When it comes to the Beach Boys, the most relevant question is, how do they sound? That blend of vocal talent was startling in the ’60s, and incredibly, remains so 50 years later. The passings of Carl Wilson and Dennis Wilson have cast a pall over anything Boys-related since the 80s, but the core of the band has remained: Wilson, Love, Jardine, Johnston, Marks and Jeffrey Foskett, who toured in place of Carl during one of his absences from the group. The a capella intro of “Think About The Days” vividly takes one back to the artistic highlights of the band during the Pet Sounds-era. There are no words, just gorgeous sound.
While critics have highlighted the second half of TWGMTR as being creatively superior to its first, that half of the record keeps things grounded as a Beach Boys album. Tonally, the opening tracks of TWGMTR come closest to the early to mid-’70s portion of the Beach Boys’ career. By that point, Brian Wilson had practically quit contributing music to the records, and the onus was put on the other band members to be creative. “It’s Time” and “Daybreak Over the Ocean,” contain their fair share of cliched phrasings and uninspired production, but are still better than average pop songs. Adding the stellar vocals on top just heightens the quality. Yes, Mike Love is 70 and singing about dancing the night away and going steady again, but he has always done that. That’s been a hallmark of the Beach Boys since the 60s, and should continue to be in any form.
The closing trio of “From There To Back Again,” “Pacific Coast Highway” and “Summer’s Gone” reach a level that this group has not achieved since Surf’s Up. That leftover from SMiLE assured it would be remembered, but these compositions from Brian Wilson had no such guarantee. Listen closely, and you will hear echoes of SMiLE and Pet Sounds. Maybe’s it the wear in Wilson’s voice, or maybe it’s his realization that are far fewer days ahead than there once were, but these songs mean something to the singer, and to anyone who has heard “Wouldn’t It Be Nice” and found something real in it.

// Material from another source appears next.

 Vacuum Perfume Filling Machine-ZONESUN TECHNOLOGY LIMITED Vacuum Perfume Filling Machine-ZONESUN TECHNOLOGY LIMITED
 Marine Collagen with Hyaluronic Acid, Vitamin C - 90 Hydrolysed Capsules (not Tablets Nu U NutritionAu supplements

“Summer’s gone, it’s finally sinking in.” Of all the words that come out of That’s Why God Made The Radio, these may be the most meaningful. Fifty years have passed for the boys that loved to sing about cars, women and surfing. It has not been an easy half-century; with turmoil and death rearing their head far too often for a group that delivered some of the greatest pop music we will ever see. And with these last words, one wonders whether or not the message they portend is indeed the truth. If that turns out to be the case, one thing is very clear: it was a great summer.